Friday, October 9, 2009

The Nobel Peace Prize?? WTF??


Okay, I think the Nobel Prize committee has taken complete leave of their senses.

I recognize that President Obama has said many lofty things, like let's de-nuke the world, of course, while ignoring Iran's march to arm itself with Nukes. His saying he will close Gitmo, while he hasn't, so on and so forth. he'll meet with Iran, which he hasn't, and won't meet with the Dalai Lama. You get the picture.

I thought, at least until they awarded the Nobel Peace Prize to Al Gore for his stunning research into global warming (a bit of sarcasm there) that to be awarded the Nobel Peace Prize you had to actually achieve or do something. Even the article below states (after the jump):

"Rather than recognizing concrete achievement, the 2009 prize appeared intended to support initiatives that have yet to bear fruit: reducing the world stock of nuclear arms, easing American conflicts with Muslim nations and strengthening the U.S. role in combating climate change."
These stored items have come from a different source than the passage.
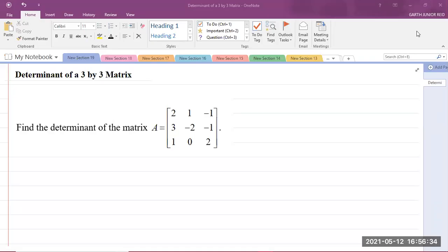Good day everyone. I'm Mr. Garth Reed, Student Ambassador at the University of Technology Jamaica and Mathematics Teacher in Training in the School of Mathematics and Statistics. Today we'll be looking at a CAPE Integrated Mathematics question in Module 1 of the Syllabus, which is Foundations of Mathematics, and the topic today is Determinant of a 3x3 Matrix.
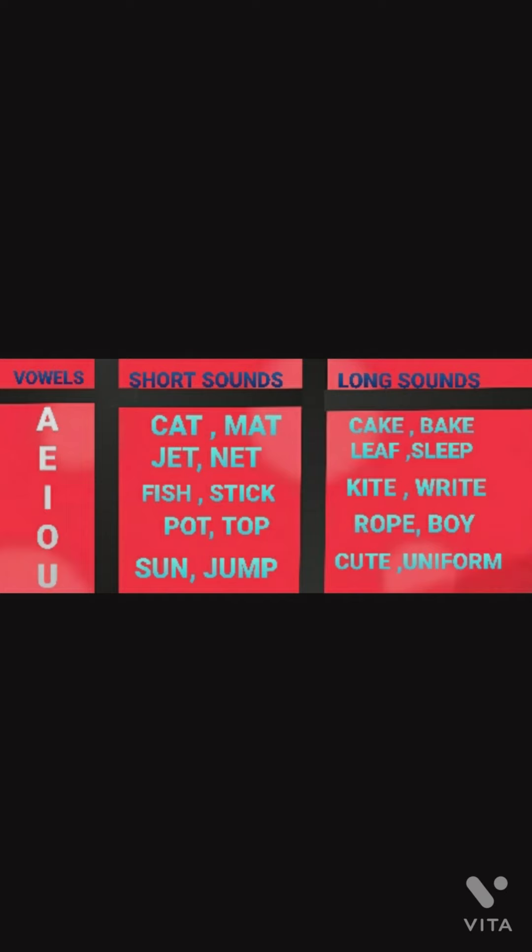For vowel I, 'fish' and 'stick' are the examples of short sounds, whereas 'kite' and 'ride' are the examples of long sounds. For vowel O, short sound examples are 'pot' and 'top', and long sound examples of alphabet O are 'rope' and 'boy'.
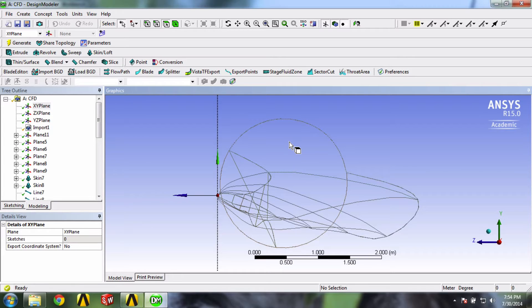Therefore, the airfoil has to be oriented in such a way as to face the relative velocity at an optimal angle of attack. And this actually also explains why blades have twist.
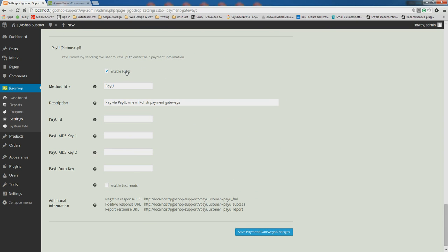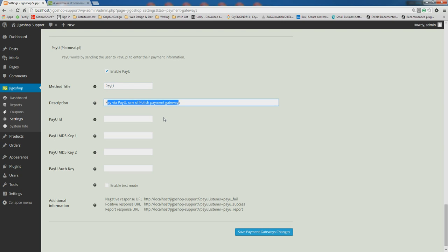We will enable the Payment Gateway here, enable PayU, and we can set our title for what it will be called right here. We'll just leave it to the default and our description. This is where you would enter your PayU credentials — you must have these to use this Payment Gateway: your PayU ID, your PayU MD5 encryption key 1, your PayU MD5 key 2, and your PayU authorization key.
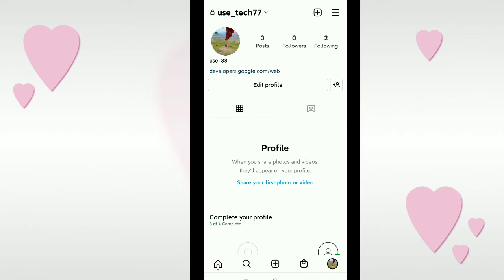So in this way you can add your website to your Instagram profile very easily. I hope this video helped you. Don't forget to like and subscribe to my channel. Thank you everyone for watching.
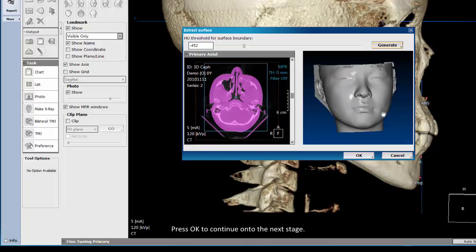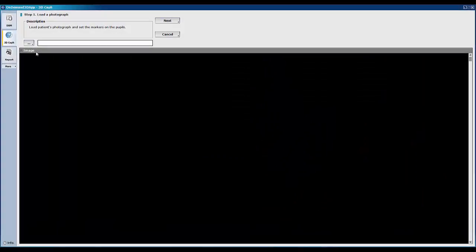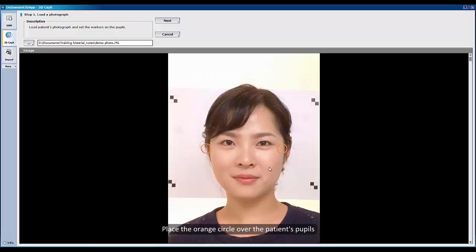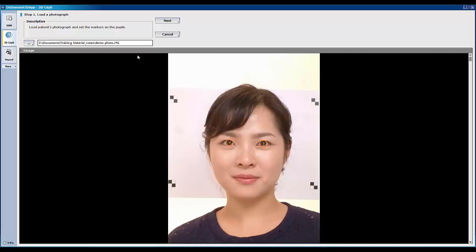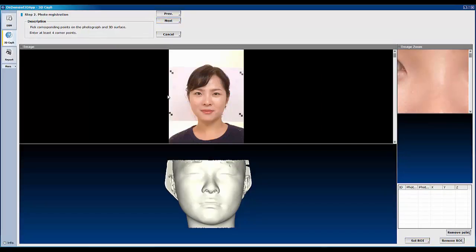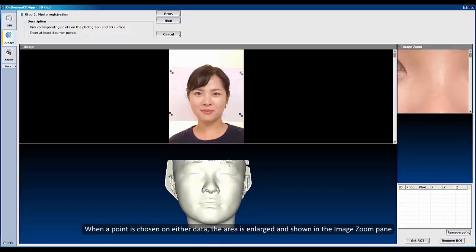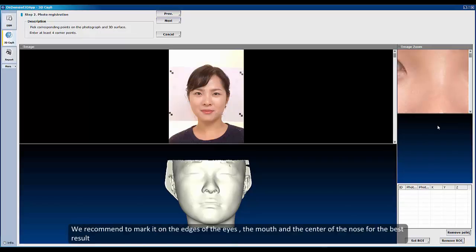When it is ready, click Generate to render a surface area model of the patient. Press OK to continue to the next stage. Press this button and load the patient's photo. Place the orange circles over the patient's pupils, and then click Next to proceed. Pick at least 4 corresponding points on the photo and the surface model. The area is enlarged and shown in the image zone panel. We recommend marking points on the edges of the eyes, the mouth, and the center of the nose for the best result.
Well cool. I promise to end strife, make the planet cool, meet with Muslims, Animists, Jews, Christians, Buddhists, Agnostics, Druids, and the like, and I will take everyone's nuclear weapons too.

Check out the Saturday Night Live skit from last weekend.

Maybe this was a consolation prize for not getting the Olympics last week. And no, I am not being a racist.




In a surprise, Obama wins Nobel Peace Prize
By Karl Ritter and Matt Moore - Associated Press

OSLO — President Barack Obama won the 2009 Nobel Peace Prize on Friday for "his extraordinary efforts to strengthen international diplomacy and cooperation between peoples," the Norwegian Nobel Committee said, citing his outreach to the Muslim world and attempts to curb nuclear proliferation.

The stunning choice made Obama the third sitting U.S. president to win the Nobel Peace Prize and shocked Nobel observers because Obama took office less than two weeks before the Feb. 1 nomination deadline. Obama's name had been mentioned in speculation before the award but many Nobel watchers believed it was too early to award the president.

Speculation had focused on Zimbabwe's Prime Minister Morgan Tsvangirai, a Colombian senator and a Chinese dissident, along with an Afghan woman's rights activist.